SWCNTs and SWCNT/Ag–TiO₂ NPs induce apoptosis in liver cancer cells. (a) AO/EtBr double staining assay. (b) Apoptosis marker (Annexin V) using flow cytometry assay.

Figure 5

Cytotoxic effect of SWCNTs and SWCNT/Ag–TiO₂ NPs in normal liver cell line (L-02). The results are represented as mean ± SD.

3.4 Internalization of SWCNTs and SWCNTs/Ag–TiO₂

To study the ability of SWCNTs and SWCNTs/Ag–TiO₂ to internalize inside a HepG2 cell, FITC-labeled SWCNTs and SWCNTs/Ag–TiO₂ were investigated by confocal fluorescence microscopy imaging. As shown in Figure 6(a) (white arrows), green fluorescent SWCNTs and SWCNTs/Ag–TiO₂ were observed FITC-labeled SWCNTs and SWCNTs/Ag–TiO₂ appeared inside the cytoplasmic vesicles of HepG2 cells. Additionally, phase-contrast microscopy was used to determine the presence of SWCNTs, SWCNTs/Ag–TiO₂ inside the HepG2 cells, as indicated in Figure 6(b) (red arrows). Intracellular aggregates of SWCNTs and SWCNTs/Ag–TiO₂ appear as dark spots in the cell cytoplasm. Furthermore, the cellular vesicles that appeared to contain SWCNTs and SWCNTs/Ag–TiO₂ were further investigated by TEM analysis. SWCNTs and SWCNTs/Ag–TiO₂ were identified in the form of intracellular aggregates, as shown by the red arrows in Figure 6(c).

Figure 6

Internalization and colocalization of SWCNTs and SWCNTs/Ag–TiO₂ in cytoplasmic vesicles of Hep-G2 cells. (a) Confocal images of Hep-G2; the nucleus was stained with DRAQ5-red. Green fluorescence represented internalized SWCNTs and SWCNTs/Ag–TiO₂ into HepG2 cells (exposed for 60 min to 2.5 mg/L FITC SWCNTs and SWCNTs/Ag–TiO₂. (b) Hep-G2 cells incubated for 60 min with 2.5 mg/L FITC– SWCNTs and SWCNTs/Ag–TiO₂ visualized by phase-contrast microscopy (×200 magnification). (c) TEM images showing aggregates of SWCNTs and SWCNTs/Ag–TiO₂ surrounded by cytoplasmic vesicles, confirming the presence of nanomaterial inside the cell (×35,000 magnification).

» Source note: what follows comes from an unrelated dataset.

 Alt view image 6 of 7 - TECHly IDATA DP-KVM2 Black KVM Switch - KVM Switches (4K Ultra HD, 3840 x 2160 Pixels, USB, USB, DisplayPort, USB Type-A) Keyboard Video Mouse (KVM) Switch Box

3.5 SWCNTs and SWCNTs@Ag–TiO₂ disorder oxidative balance in Hep-G2 cells

Oxidative stress-associated parameters were studied to determine if SWCNTs and SWCNTs@Ag–TiO₂ generate ROS production and alter redox equilibrium in treated liver cancer cells. At first, an analysis was performed to determine the total amount of free thiols, which included reduced GSH. As an ROS scavenger, GSH works to maintain intracellular redox balance in cells, and it is widely acknowledged as an important endogenous component in the pathways leading to antioxidant defense. In practice, a decrease in its intracellular level causes cells to undergo an excessive amount of oxidative stress, which ultimately leads to cell death. As shown in Figure 7 (left panel and top right panel), treatment of liver cancer cells with SWCNTs and SWCNTs@Ag–TiO₂ led to significant depletion of GSH and a shift in the cellular cytosol from a reducing to an oxidizing environment. This was caused by interference with the GSSG–GSH balance. When compared to untreated cells, the number of cells exhibiting decreased GSH levels increased from 17.33 to 53% and 64.67% (for cells treated with SWCNTs and SWCNTs@Ag–TiO_2, at IC₅₀), respectively (Figure 7, upper right panel). In a different series of tests, the increased expression of NADPH subunit 4 (NOX4) that was driven by AuP NPs was validated by immunofluorescence staining, as shown in Figure 7 (lower left panel). Upregulation of its expression was found in cancer cells that have been treated with ROS modulators, proving that NOX4 plays an essential part in oxidative stress and that this involvement is important [55]. Because of the treatment of Hep-G2 with SWCNTs and SWCNTs@Ag–TiO₂, we observed a considerable increase in the NADPH levels, as shown in Figure 7 (lower left panel), which validates our theory regarding the disruption of redox balance in treated Hep-G2 cells.

Figure 7

Distraction of oxidative balance in SWCNTs and SWCNTs@Ag–TiO₂-treated Hep-G2 cancer cells. The left panel represented a flow-cytometry analysis of GSH levels. The upper right panel represented a decrease of the intracellular (GSH) levels in SWCNTs, and SWCNTs@Ag–TiO₂-treated Hep-G2 cells. The lower right panel represented immunofluorescence results of NADPH expression in SWCNTs and SWCNTs@Ag–TiO₂-treated Hep-G2 cancer cells. (a) Control untreated cells. (b) SWCNTs-exposed cells. (c) SWCNTs@Ag–TiO₂-exposed cells.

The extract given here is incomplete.